Awanthi at the age of five


There is an old shoe box that dwells on the top shelf of my closet. It is where paper photographs of my childhood reside.

I spent a part of the afternoon sitting cross-legged on the floor of my closet, looking through the contents of the box. There are the photographs that never made it to the digital world for various reasons. I don’t even remember that they exist most of the time. But they don’t just exist; they matter.

There is an old pressed flower that is falling apart. The sad thing is that I don’t remember its origins, or its significance. I don’t know why I kept it. The sentiment is lost, but I am loath to throw that flower away.

There are old love letters from my first boyfriend. Again, I have no idea why I keep these. I haven’t seen him since I was eighteen, and the most we ever did was kiss.

There’s a small zipped bag containing Bingo’s hair. Darling Bingo. He remains the only dog I have ever really and truly been in love with. I know I’ll never open it, but as I close my eyes and try to remember what it felt like to hug him, the tears escape anyway. I haven’t cried about him in years, but I suddenly miss him so much.

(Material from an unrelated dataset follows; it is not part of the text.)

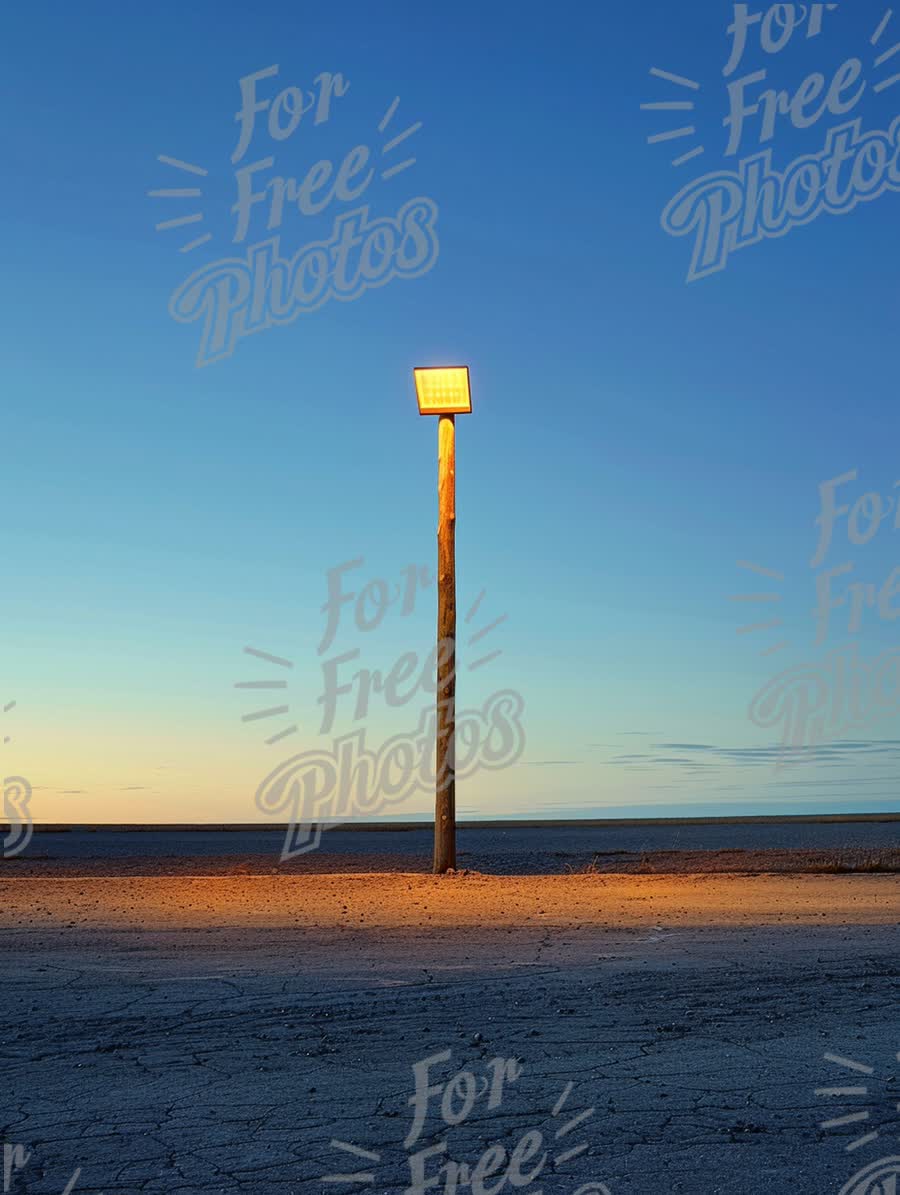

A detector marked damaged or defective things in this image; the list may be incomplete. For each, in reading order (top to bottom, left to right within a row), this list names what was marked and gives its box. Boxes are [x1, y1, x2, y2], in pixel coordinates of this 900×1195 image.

cracked asphalt [1, 869, 898, 1195]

There are the photographs that never made it to the digital world for various reasons. I look at the picture of me at the age of five, caught, perhaps, in the act of doing my homework. My face hasn’t changed very much at all. I trace the face of the child in the picture with my forefinger. I had no idea then of the woman I would grow up to be, but I will always remember how it felt to be that child. I had just faced rejection from my father, who never wanted to see us again. I wouldn’t see him again for twenty-seven years. I already loved books, and I already loved to dance. They would remain my comforts through a very difficult and often traumatic childhood. I look at the wide grin and I can’t help grinning back. I feel a surge of affection for little Awanthi.

If only I could step through this paper photograph into the past, and tell her that she is beautiful, and set her free.